The contract will expire on July 1, 2014, and negotiations between the city and police union on a contract for 2014-2015 will resume early in the coming year, Assistant City Manager Craig Whittom said. The city has been paying 100 percent of the Kaiser Bay Area premium for retirees and active employees. Under the contract unanimously approved Monday night, the city will pay them $300 a month and up to 75 percent of the premium, Assistant City Manager Craig Whittom said. The city also will pay up to 75 percent of the Kaiser premium for employees who retired before July 1, 2000, Whittom said.
The proposed pact also calls for a 5 percent pay reduction effective Jan. 1, 2014. The city’s projected savings under the six-month contract in the current 2013-2014 fiscal year are $2.7 million. Mustard said the city looks at the health care benefits for retirees as an expense and not as a promise. He said he doesn’t have a problem with lower health care benefits for employees who have not yet been hired. “We get it,” Mustard said about the growing unfunded pension and health care liabilities facing cities and counties in California. “We know health care is expensive. It’s a national problem.
Employees recognize it and are willing to help,” Mustard said. He said he is not hopeful about negotiations early next year on a 2014-2015 contract. “I think it will end in litigation,” Mustard said. The 2013-2014 budget includes 106 Vallejo Police Officers Association positions, and as of Monday, there were 83 filled positions, Whittom said. The city is aggressively recruiting officers to fill vacant positions, Whittom said. The police union and the city have been negotiating since May 2012, and the city declared an impasse and presented its last best offer on Sept. 19.
The police union challenged the city’s declaration of impasse in court on Oct. 15. A fact-finding panel was convened on Nov. 1 at the police union’s request.
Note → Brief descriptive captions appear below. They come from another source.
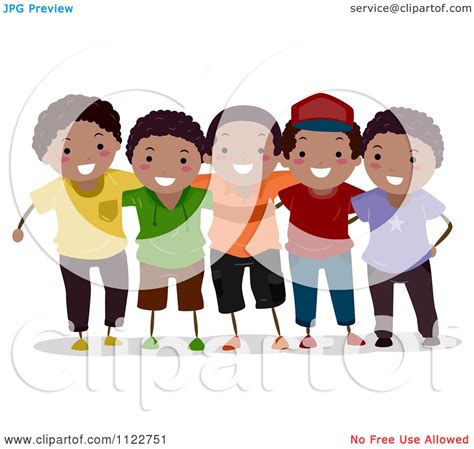 Cartoon Of A Group Of Happy Black Boys Royalty Free Vector Clipart By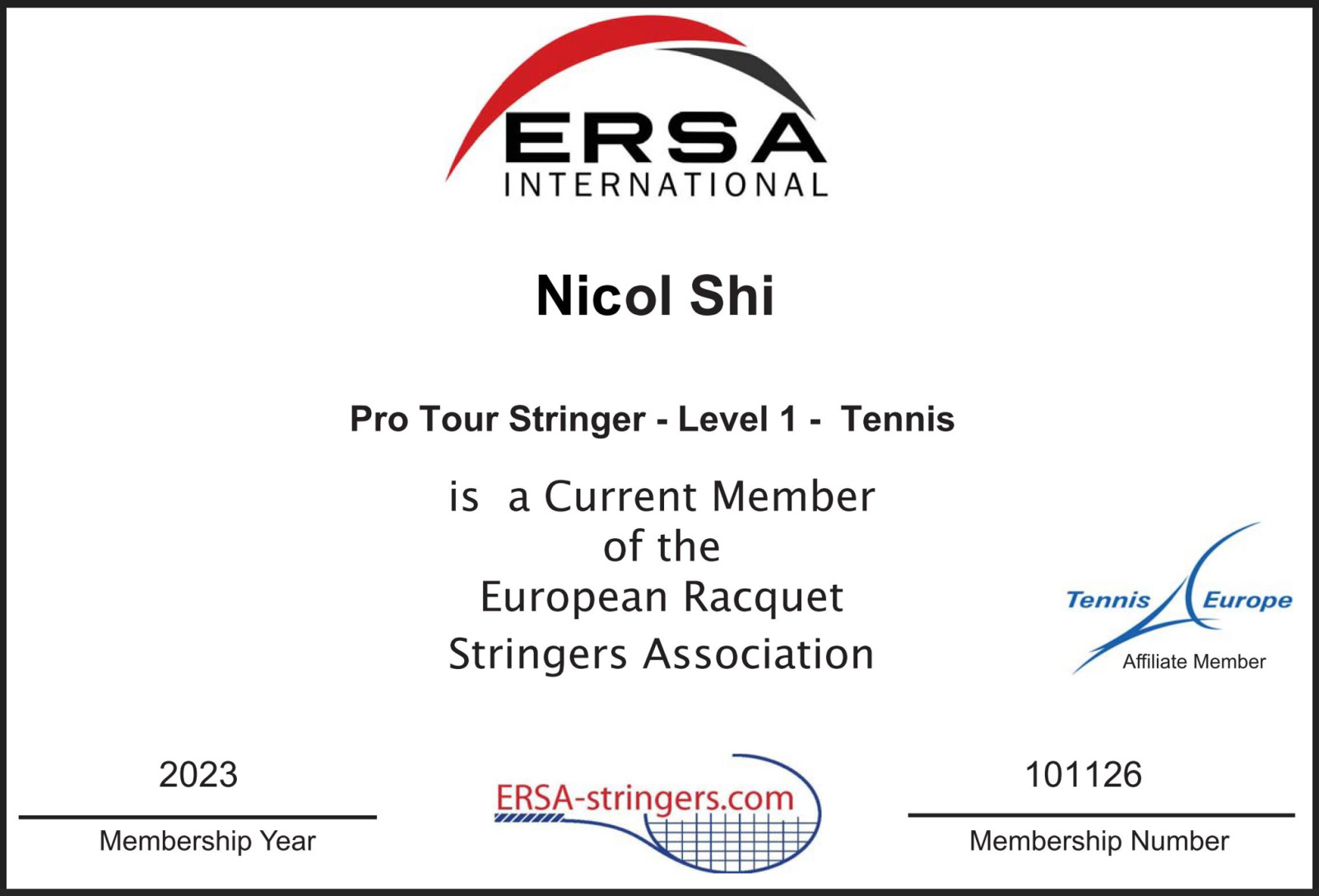 ERSA certified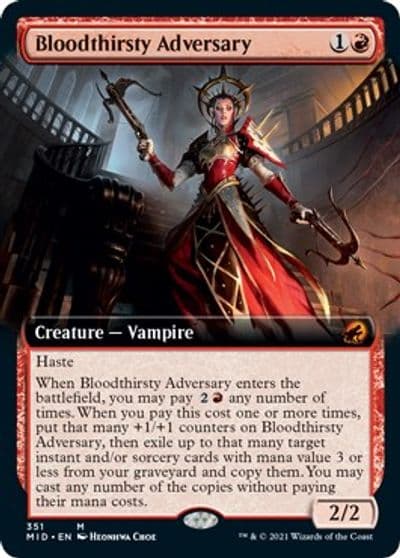 Bloodthirsty Adversary Extended Art Innistrad: Midnight Hunt Magic card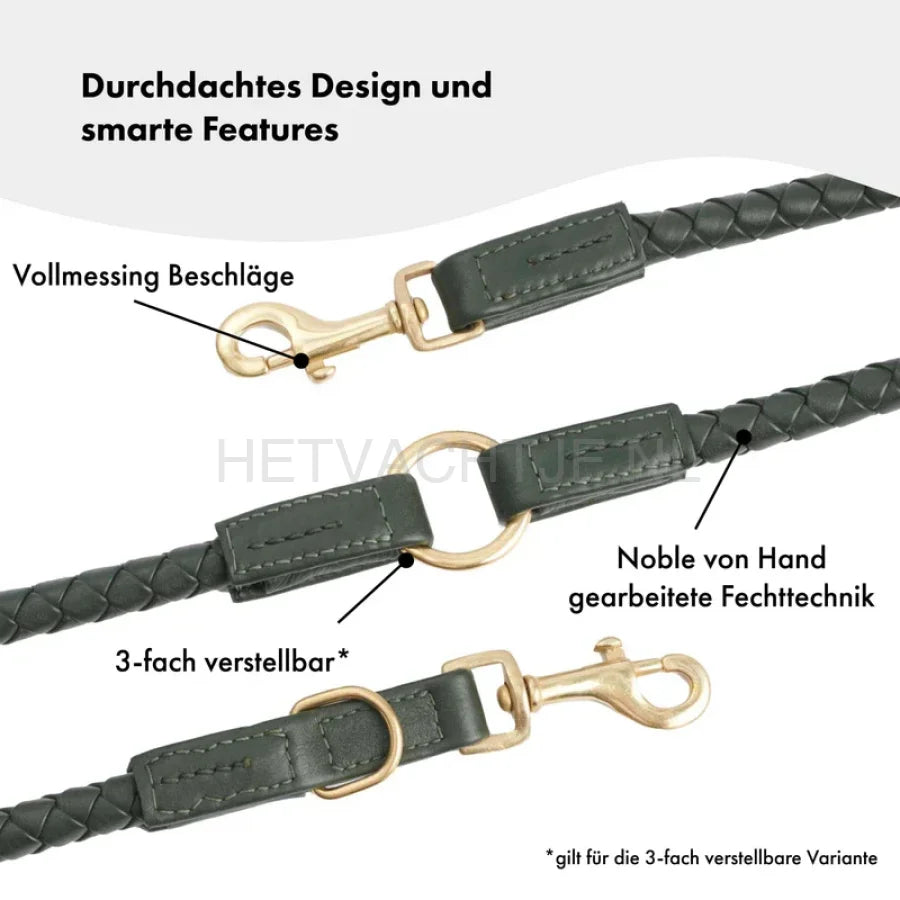 William Walker - Hoogwaardige leren hondenriem Twisted Dark Moss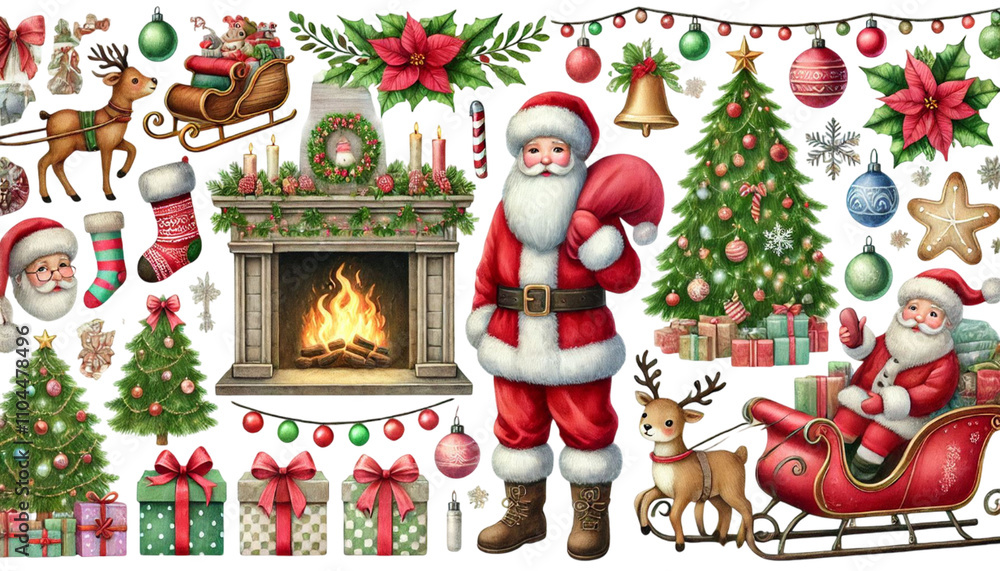Fototapeta premium Santa Claus with an array of Christmas decorations clipart on transparent background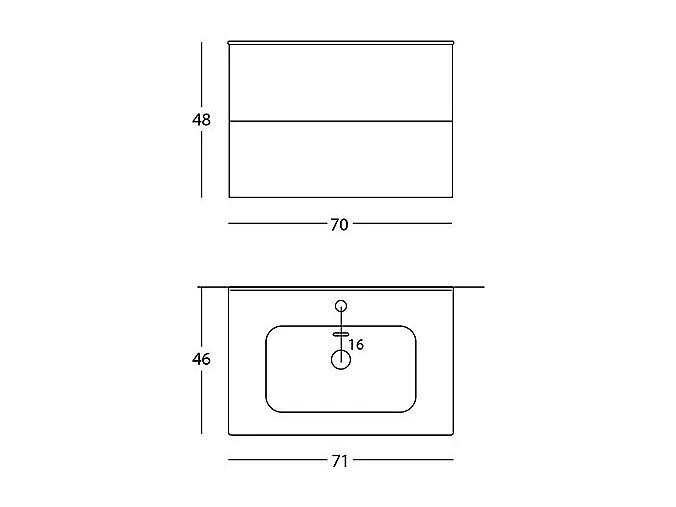 Meuble De Salle De Bain Éthéré, Finition Gris Clair, 2 Tiroirs Et Lavabo Central
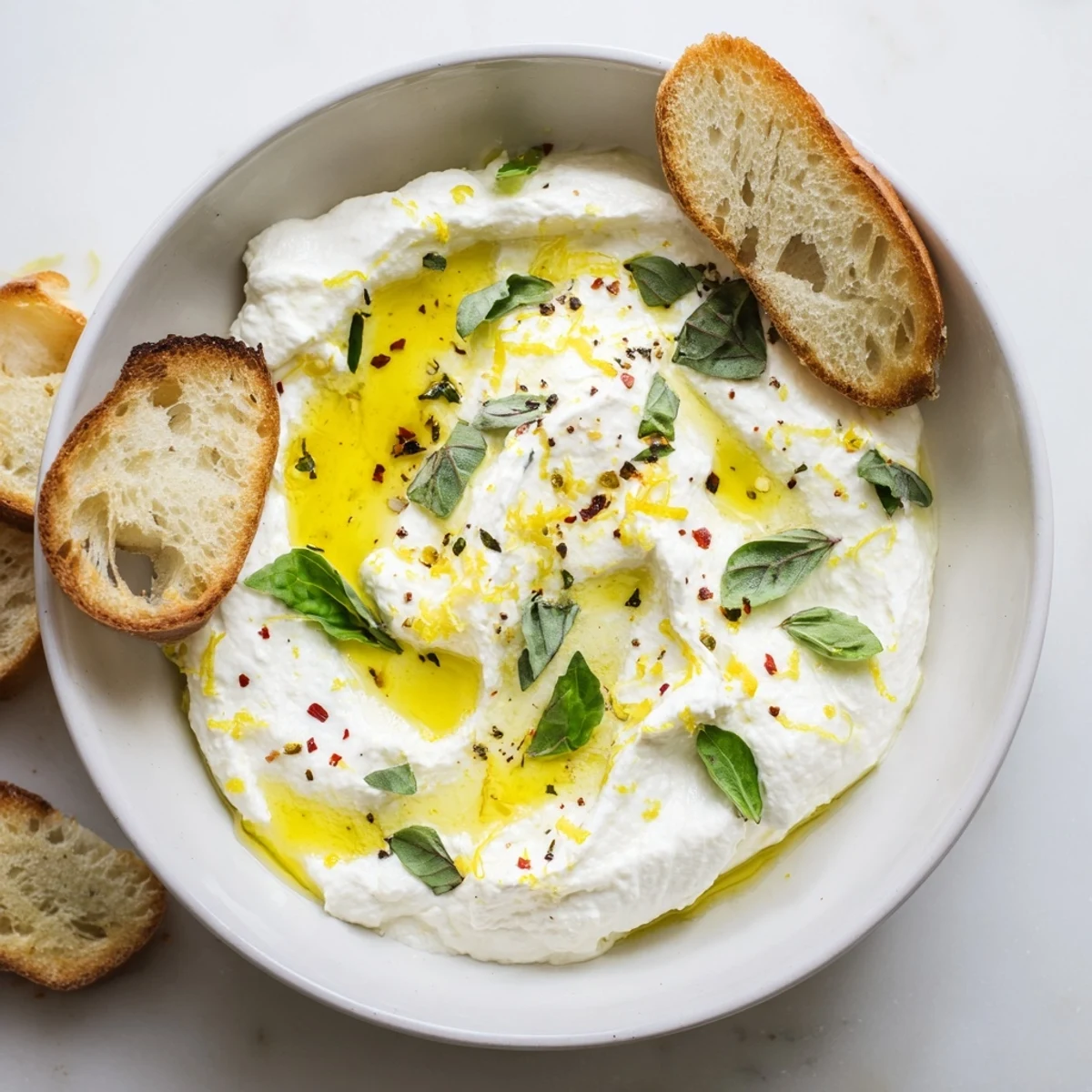 Fluffy whipped ricotta appetizer drizzled with honey and olive oil alongside toasted artisan bread
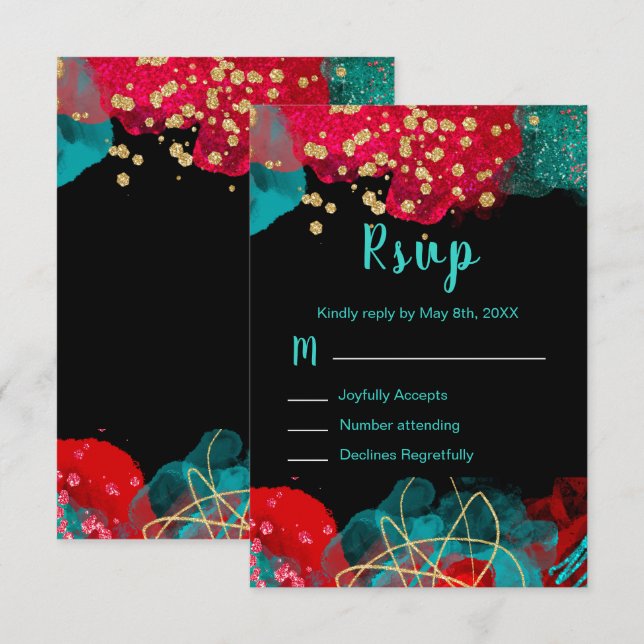 RSVP Fête d'anniversaire 16 ans douce encre alcool (Devant / Derrière)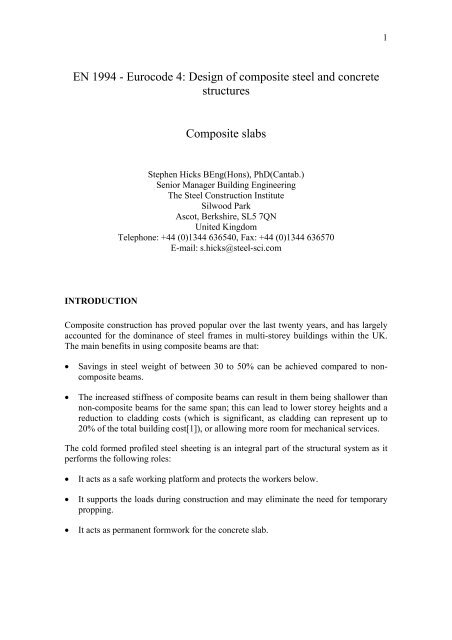 EN 1994 - Eurocode 4: Design of composite steel and ... - Eurocodes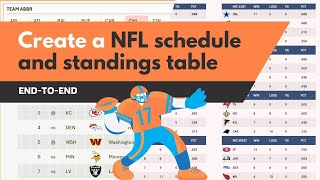Build an interactive and dynamic NFL schedule and Standings Table in Excel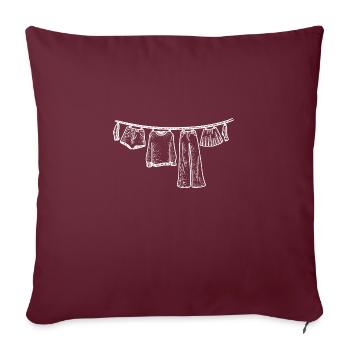 Corde à linge Dessiné à la main Drôle - Housse de coussin décorative 45 x 45 cm - bordeaux - Devant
The panel published its findings on Nov. 30. Both sides met on Dec. 6 to discuss the fact-finding panel’s report and explore a possible settlement, but the parties remain deadlocked. That gave the city the right to unilaterally implement the terms of employment at this time and set up Monday’s public hearing and vote on the contract. “We’re pleased the City Council took action. This is an important step to put the city on a sustainable financial path for the future,” Whittom said. “We value our police officers very much and look forward to negotiations in the coming year,” Whittom said.